即使到這種地步,她依舊無聲,或許更多的是迷茫,眼底帶著灰暗。像是大日西行后的黯淡,這一點蘇羽也感受到了,對方的狀態真的不太好,前面各種可怕手段層出不窮,但超過二十個時辰后,狠人的元神明顯不穩,宛若仙燈的靈魂之光有許多是強行凝聚出來的。
她根本不是全盛狀態……
如果不論時代,在所有未來能成就紅塵仙的生靈中,她的道是最特殊的,在末法時期的九天十地艱難曳步前行,其中第三世差點身殞,殘軀撞開青銅仙殿,留下了凄艷的血痕……是真正的一步生,一步死。
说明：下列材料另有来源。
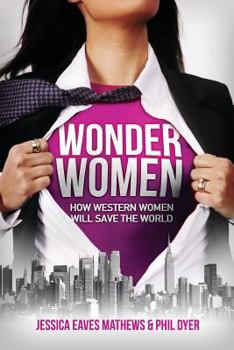 Paperback Wonder Women: How Western Women Will Save the World Book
于末法歲月開辟長生路,她不是第一個,卻選擇了最危險的蛻變之路。
斬舊體、斬殘軀、斬執念……她幾乎把自己全部斬掉,連道果都切割成了許多份,只剩一個軀殼守護著真靈,寂寞盤坐荒古禁地內,不為成仙,只為在紅塵中等待那人歸來。
這是獨屬于她的道途……
冥尊九世蛻變,每一世都磨礪到另類成道層次,他的道很穩,但也很緩慢。
不死沐浴諸皇血液進化,這是他根據不死仙凰族的稟賦開啟的大道之路……
以執念開紅塵仙路,她是第一個,也是唯一一個,這條路很驚險,帶來的反噬也很大,以至于她漫長的時間中都處于渾渾噩噩,只有少部分時間中得到清醒。
如果她再活出一世,將所有道果合一,她的實力或許可以達到媲美真仙的境界,真正俯瞰九天十地,獨步這方宇宙,此界生靈沒有一個人是她的對手……
但那是未來,不是現在。
冰冷的現實落幕,蘇羽走上前,手中的紫璃仙劍再次變化,噴薄出仙道法則,化為了一方紫玉鑄成的大道魔罐。